Избранное в 2 томах. Том первый - Юрий Смолич
Шрифт:
Интервал:
Закладка:
— Я уже дома! — раздалось у них над головой.
Это был Козубенко.
— А мы вот гостюем, — сказал Шумейко, пряча заявление Зилова во внутренний карман. — Садись. Значит, Зилова в партию надо принимать. И пускай сегодня же получает связь с военно-революционными комитетами по селам и хуторам. Я тогда сейчас и адреса дам. А на питание и организацию молодежи по сахарным заводам кого-нибудь другого из твоих малышей давай. Можно Стаха. Как ты думаешь, кочегар, а?
Козубенко сел.
— Понимаете, Александр Иванович, тут такое дело надо обсудить. Стах и Золотарь рассказывают про Пиркеса, есть такой бывший гимназист…
— Знаю. Тот, который под Гниваньским мостом? А что с ним?

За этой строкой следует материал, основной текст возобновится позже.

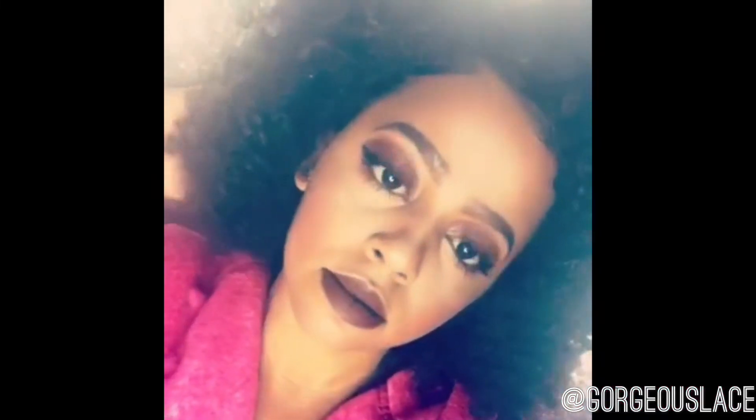This is the final look, guys. Thank you so much for watching and tuning into my channel. Please let me know what you think, give me any tips or advice, and let me know if you want a video on my hair look. Thank you so much for subscribing — you guys are amazing and I will see you soon.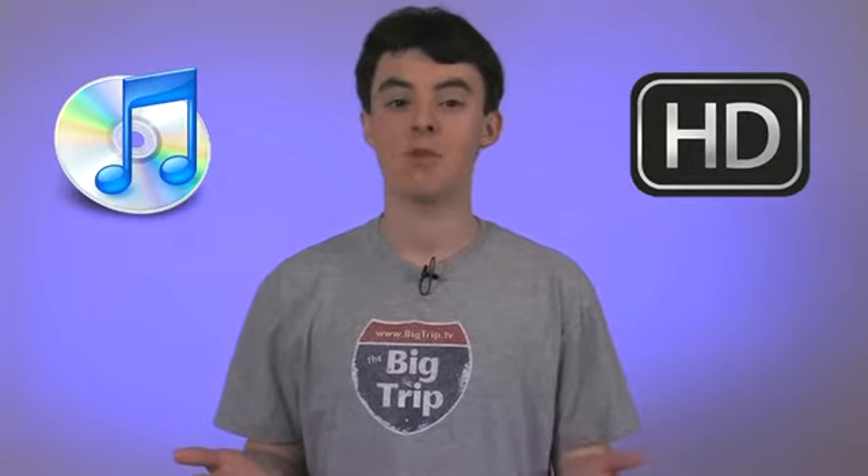iTunes 8.1.1 is out and the big news is that it supports HD movie rentals. Before, HD rentals were only possible if you owned an Apple TV. It's not too big of a surprise — after all, we could buy HD movies on the computer last month, and high-def TV shows at the end of last year. HD movie rentals are about $5 a pop and you can keep it up to 30 days, but when you press that play button, you've only got 24 hours to watch it. Remember, if you don't like this model, Apple always gives you the option to buy.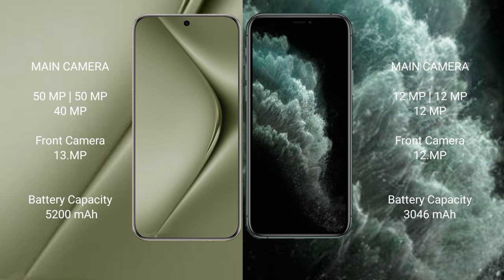Huawei Pura 70 Ultra has a 5200mAh battery with 100W fast charging support. iPhone 11 Pro has a 3046mAh battery with 30W fast charging support.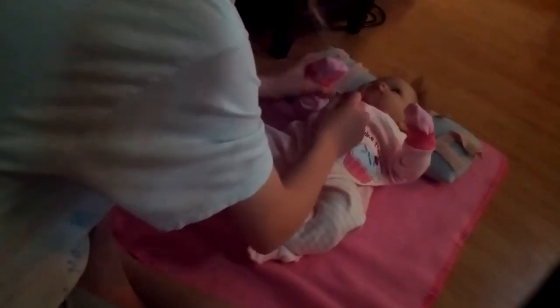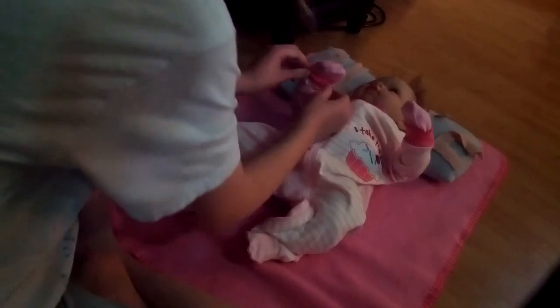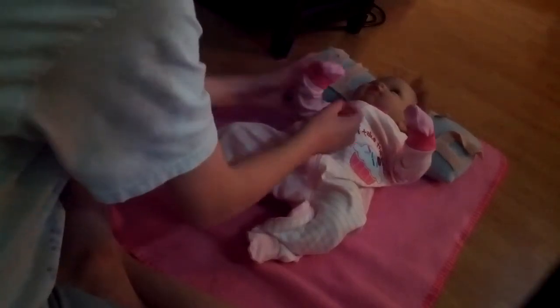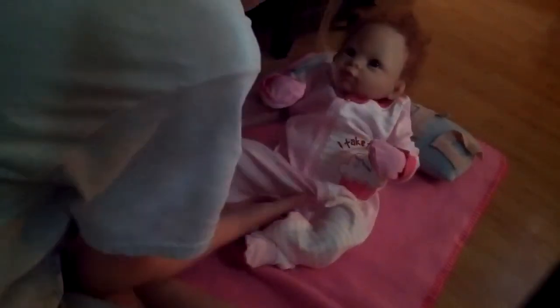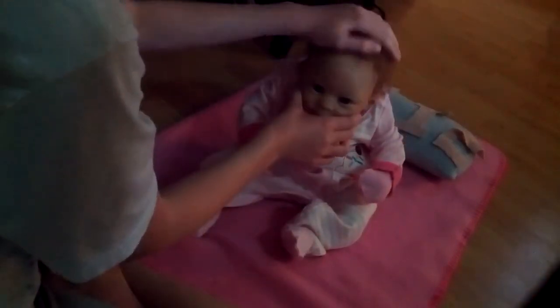Okay, so she's all dressed. She's really adorable. Yeah, she's all dressed in pink. She's just really cute — she always is, but you know.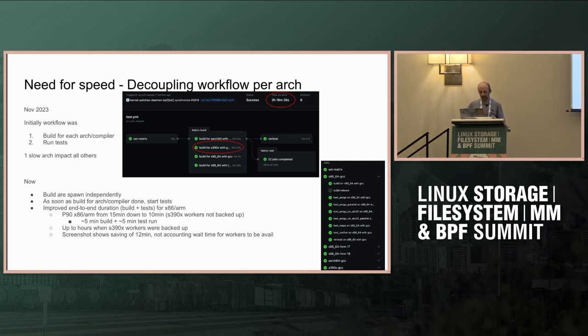We changed the logic on how we process the builds. Now we build each architecture independently — they are all independent workflows. For people familiar with GitHub Actions, instead of one workflow doing everything, we start one workflow for each architecture/compiler version. As soon as one finishes building, we move on to testing. The end result is that x86 and ARM now complete the full build and test end-to-end in around 15 minutes instead of waiting on S390X.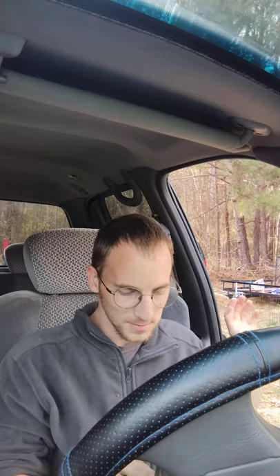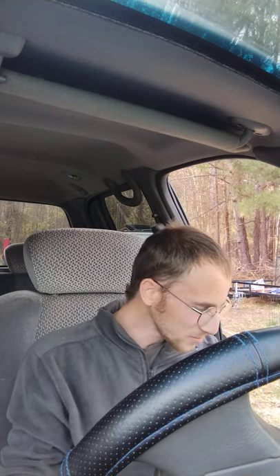Always wear your seat belt — make sure it's on and never forget it. I don't trust airbags, especially on older vehicles. They're 20 years old and you never know if they're going to work in an accident. Always put on your seat belt.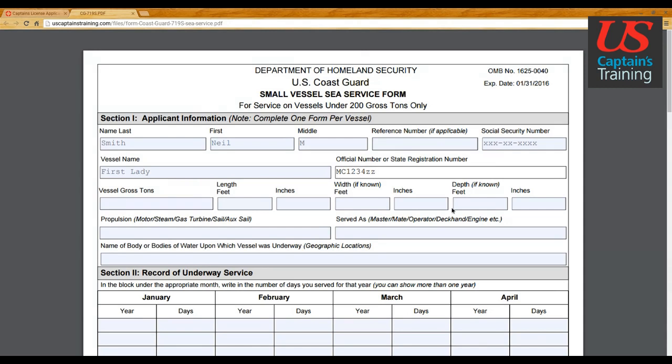Vessel gross tons — most people don't know this, so it's listed as unknown. I talked to the Coast Guard about this and I'll describe the minimum requirement so the form doesn't get kicked back. If you want more depth, watch the video on calculating gross tonnage. Vessel length: this vessel was 26 feet 6 inches. Width and depth can be left blank if unknown. With the state registration number, the Coast Guard can look up the length and calculate the gross tonnage.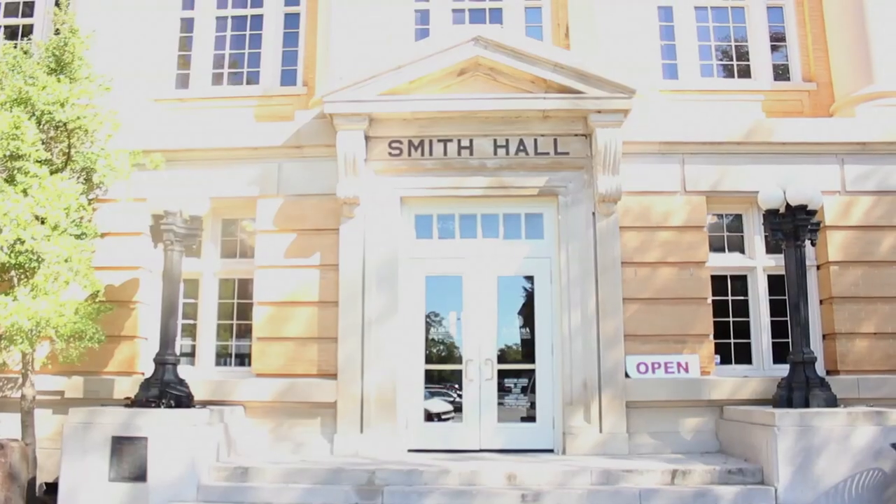The museum is located in Smith Hall, and we're right on the corner of the quad, right next to Lloyd, so if you're ever in that area, come by and see us.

— Да понимаете, создал какую-то диверсионную группу, что ли, «Красный круг», назвал, вроде «Черной руки», о которой мы уже говорили. Вот, например, портреты Скоропадского и Эйхгорна в витрину железнодорожных воров повесил, это я сам видел…
Шумейко засмеялся.
— Пиркеса надо использовать. Хлопец хороший, хотя пролетарской закваски в нем и нет. В члены союза рабочей молодежи прими, тогда сразу за ум возьмется. Пускай бы оружие доставали, — пусть покупают, крадут, что хотят делают, только бы раздобыли. Золотарь пускай прячет. На сахарные заводы подбери кого-нибудь из наших слесарей, а Пиркесом Стах пускай займется.
В эту минуту из темноты, как из-под земли, вынырнула Катря.
— Вы? — спросила она. — А это я! То есть, я хотела сказать: я уже дома…
— Садись, садись, — заворчал Шумейко, — гостьей будешь, девочка! Ну, как там ваши дела? На туалеты хватает? Губную помаду получила? Одеколон еще есть?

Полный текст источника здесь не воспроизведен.